Crosswind is a significant concern for natural draft dry cooling towers. The concern is more serious for shorter towers. Therefore, the crosswind influence is a significant threat to the use of natural draft dry cooling towers in concentrating solar thermal power plants, which are generally built at sizes smaller than conventional fossil-fired plants and employ relatively shorter towers. While some numerical studies and small lab-scale test reports exist, very few full scale experimental studies have been reported for conventional cooling towers and none for relatively short cooling towers suitable for renewable thermal power plants. To address this gap, a 20-m tall fully instrumented natural draft dry cooling tower was built by the University of Queensland. The tower was designed to serve a future 1-MWe concentrating solar thermal plant on the same site. Its performance was tested under different ambient temperatures and crosswind speeds. The detailed experimental data of the crosswind condition, air temperature distribution inside and outside of the cooling tower and the cooling performance are presented. The experimental data demonstrate the substantial yet complex impact of the crosswind on cooling tower performance. Significant non-uniformities in air and hot water temperature distributions and strong air vortices inside the tower were observed in high crosswind speeds. Unlike tall cooling towers used in large conventional plants, the cooling tower performance does not monotonously decrease with the increase of the crosswind speed. In fact, after the tower performance drops to its lowest level at a wind speed around 5 m/s, the trend is reversed and further increases in the crosswind speed help the tower performance. Analysis shows that this reversal occurs because the tower heat transfer mechanism changes. As crosswind rises above the critical speed, the airflow inside the cooling tower becomes increasingly controlled by the crosswind instead of the natural draft.

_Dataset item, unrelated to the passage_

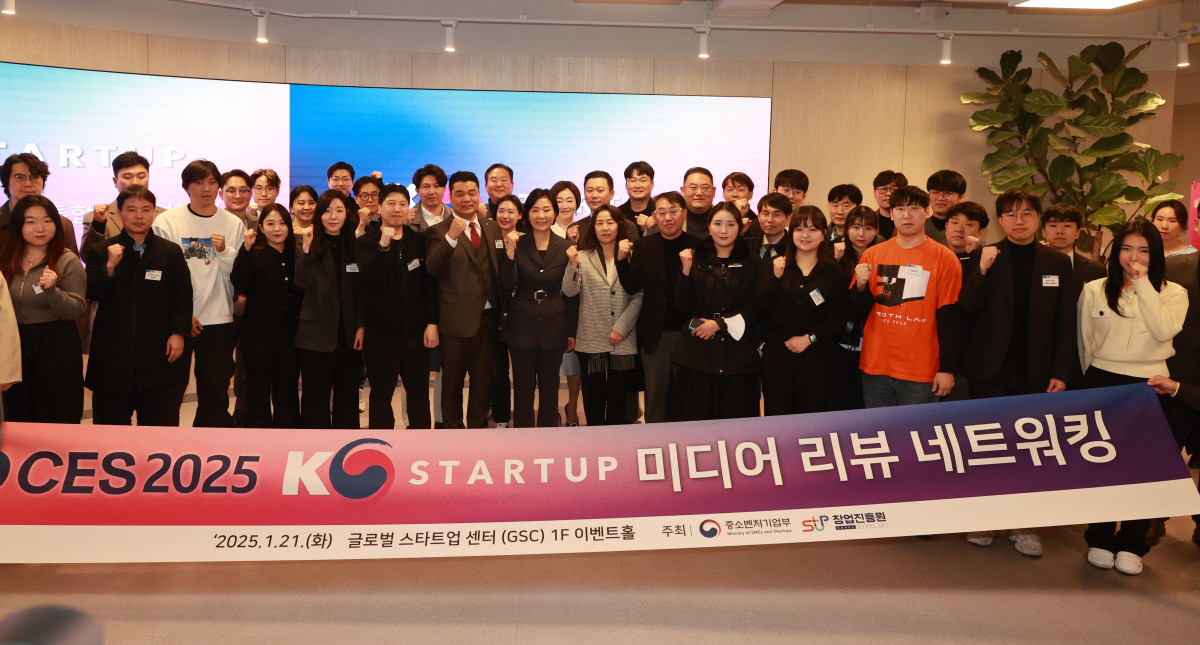 ▲오영주 중소벤처기업부 장관이 21일 서울 강남구 글로벌 스타트업 센터(GSC)에서 열린 'CES 2025 K-스타트업 통합관 참여기업 및 혁신상 수상기업 간담회'에서 참석자들과 기념 촬영을 하고 있다. (사진제공=중소벤처기업부)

侧风是自然通风干式冷却塔的重要问题。对于较短的塔架，这种担忧更为严重。因此，侧风影响对在集中式太阳能热力发电厂中使用自然通风的干式冷却塔构成了重大威胁，该自然风干式冷却塔的建造规模通常小于传统的化石燃料发电厂，并采用相对较短的塔架。尽管存在一些数值研究和小型实验室规模的测试报告，但针对常规冷却塔的全规模实验研究却很少，而适用于可再生火力发电厂的相对较短的冷却塔则没有报道。为解决这一差距，昆士兰大学建造了一座20米高的设备齐全的自然通风干式冷却塔。该塔的设计目的是为同一地点的未来1-MWe集中式太阳能热电厂提供服务。在不同的环境温度和侧风速度下对其性能进行了测试。给出了侧风条件，冷却塔内外空气温度分布以及冷却性能的详细实验数据。实验数据证明了侧风对冷却塔性能的巨大而复杂的影响。在高侧风速度下，观察到塔内的空气和热水温度分布明显不均匀，并形成强烈的空气涡流。与大型常规工厂中使用的高层冷却塔不同，冷却塔性能不会随侧风速度的增加而单调下降。实际上，在风速大约为5 m / s时塔性能下降到最低水平之后，这种趋势就会逆转，侧风速度的进一步提高有助于塔的性能。分析表明发生这种逆转是因为塔的传热机理发生了变化。当侧风超过临界速度时，冷却塔内的气流越来越受到侧风而不是自然通风的控制。